Information given section start
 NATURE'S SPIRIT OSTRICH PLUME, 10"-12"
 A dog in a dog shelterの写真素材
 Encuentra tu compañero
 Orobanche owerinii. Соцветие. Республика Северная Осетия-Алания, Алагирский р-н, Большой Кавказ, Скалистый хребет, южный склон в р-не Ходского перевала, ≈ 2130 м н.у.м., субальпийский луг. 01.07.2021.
Information given section end
Information given section start
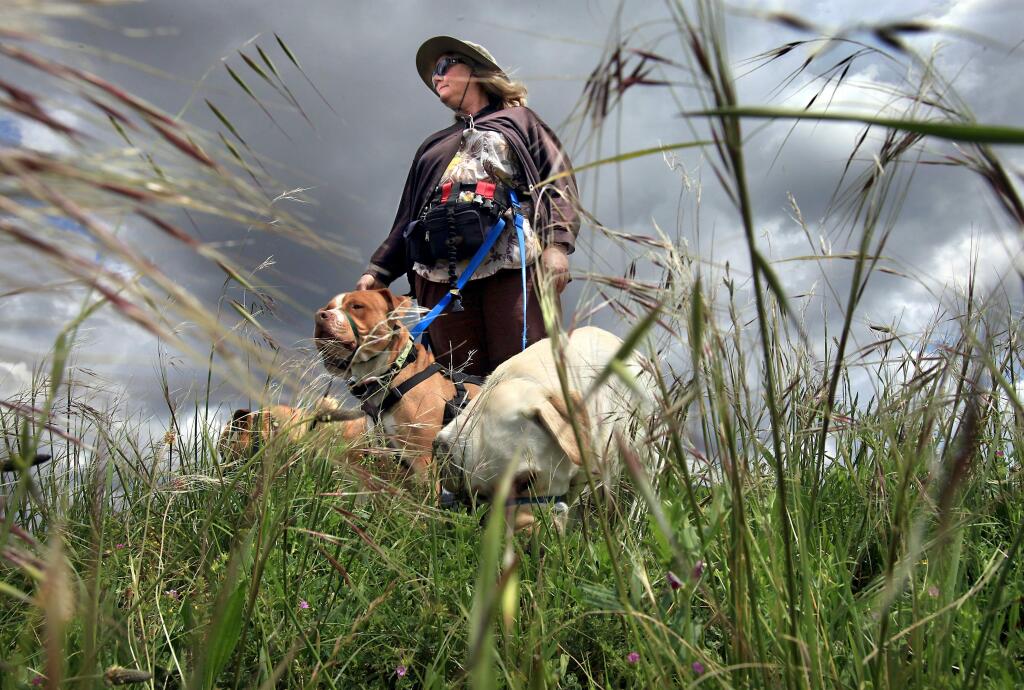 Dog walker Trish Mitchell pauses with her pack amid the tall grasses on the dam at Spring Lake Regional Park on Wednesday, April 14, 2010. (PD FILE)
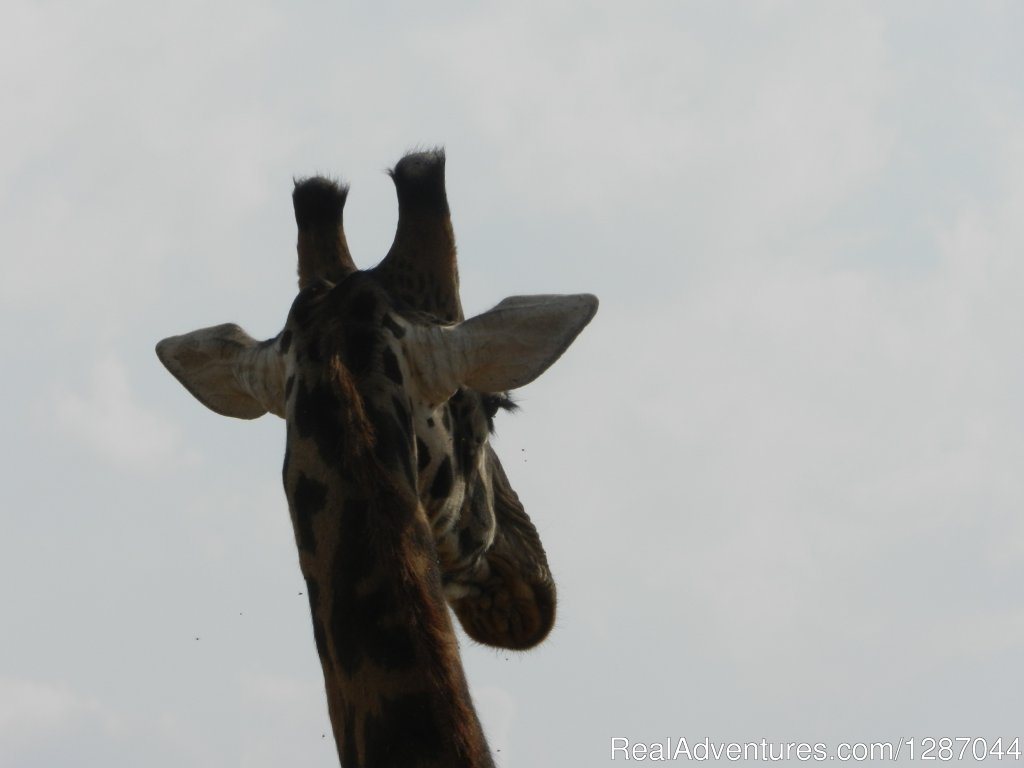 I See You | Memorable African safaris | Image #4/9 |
Information given section end
§ **Exercise brief**:
Please copy the lines in the records above between the one holding "NATURE'S SPIRIT OSTRICH" and the one holding "Encuentra tu compañero", inclusive, exactly and with no other line.

§ **Answer space**:
 NATURE'S SPIRIT OSTRICH PLUME, 10"-12"
 A dog in a dog shelterの写真素材
 Encuentra tu compañero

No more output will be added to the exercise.